Gli irlandesi Plague Pit danno un seguito al loro album di debutto “Topheth Ablaze” con un EP di quattro canzoni provenienti dai recessi più profondi dell’inferno stesso. “Labyrinthine” si consuma in ventidue minuti circa di rabbia pura etichettata come Blackened Arcane Death Metal. Formati nel 2016, i Plague Pit non rendono disponibili né il loro aspetto né tantomeno nomi o pseudonimi, lasciando parlare sfuriate di tutto rispetto.
Sinceramente, questo è un disco per coloro che amano il death metal di un amore assolutamente viscerale ed eterno. Infatti, quello proposto sul piatto si può riassumere con: growl gutturali, batteria in quasi eterno blast beat, riff chirurgici, atmosfere cattivissime e rabbiose. Sicuramente c’è stato un upgrade in cattiveria rispetto a “Topheth Ablaze”, cosa di cui è impossibile lamentarsi. Parlando di citazioni, non possono non venire in mente nomi come Incantation e Morbid Angel, anche se qua e là sembra quasi di sentire una strizzata d’occhio ai monumentali Nile (“Feverish Stupor” su tutte).
La sfortuna, come mi è capitato altre volte di sottolineare, è che però alla fine sembra di ascoltare una stessa identica canzone ripetuta quattro volte con qualche leggera modifica. Non a caso, la struttura dei brani rimane praticamente la stessa per tutte e quattro le composizioni, peccando forse di originalità. Tentando di menzionare quindi cosa distingue ogni brano, cominciando con “Accursed Clay”, si può menzionare la sezione prima della conclusione del brano, che lascia spazio ad un momento più calmo ma non meno violento che per lo meno spezza il brano.
“The Gift Of Unknowing” si distingue per un assortimento di cambi di riff che vanno a creare quasi un’impressione di confusione; anche il ritmo a volte rallenta. L’asso nella manica viene affidato a due brevi assoli, il primo quasi ipnotico, il secondo appena più strutturato. Il primo però si amalgama al resto della composizione per un’equalizzazione forse non ben curata.

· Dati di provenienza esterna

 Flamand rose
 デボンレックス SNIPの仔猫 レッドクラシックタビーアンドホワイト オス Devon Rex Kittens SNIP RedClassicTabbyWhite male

L’introduzione di “Feverish Stupor” viene affidata a qualche tappeto di tastiera che permette di far virare l’atmosfera verso lidi più inquietanti, dal sapore maestoso e regale. Ma poi si torna alla rabbia totale e completa, che si arricchisce di qualche effetto e coro campionato. A parte i già detti momenti più calmi atti ad aggiungere della sana ansia alla composizione, non c’è molto da dire: menzione d’onore alla breve conclusione in cui le chitarre sono le vere protagoniste.
“Elixir” è l’esempio di cosa potrebbero fare veramente i Plague Pit. Oltre alla bella introduzione, sorprende forse il ritmo sostenuto, sicuramente un’innovazione rispetto agli altri brani. Sembra essere l’ideale continuazione di “Feverish Stupor”, considerate le sfumature maestose di cui si tinge. La velocità a cui ci avevano abituato i Nostri finora ritorna solo per qualche breve istante, dando all’ascoltatore una meritata boccata d’aria. Anche qui viene presentato un bell’assolo. Diciamo che dei quattro brani, questo è nettamente il più originale e ispirato.
Completamente da bocciare? Assolutamente no. “Labyrinthine” è chiaramente indirizzato ad un certo tipo di amante del metal, forse addirittura del death metal stesso. Sicuramente i Plague Pit sanno il fatto loro, se siete alla ricerca di qualcosa di veramente crudele avete trovato quello che cercate. Ma alla fine, togliendo i denominatori comuni a tutte le canzoni, rimane poco per colui che invece vuole avventurarsi nell’ascolto di qualcosa di diverso: non è certamente l’ideale per chi vuole cominciare a tastare le acque del genere… Comunque lascia sperare per qualcosa di più, qualcosa che l’ultimo brano in maniera particolare spero abbia promesso per il futuro.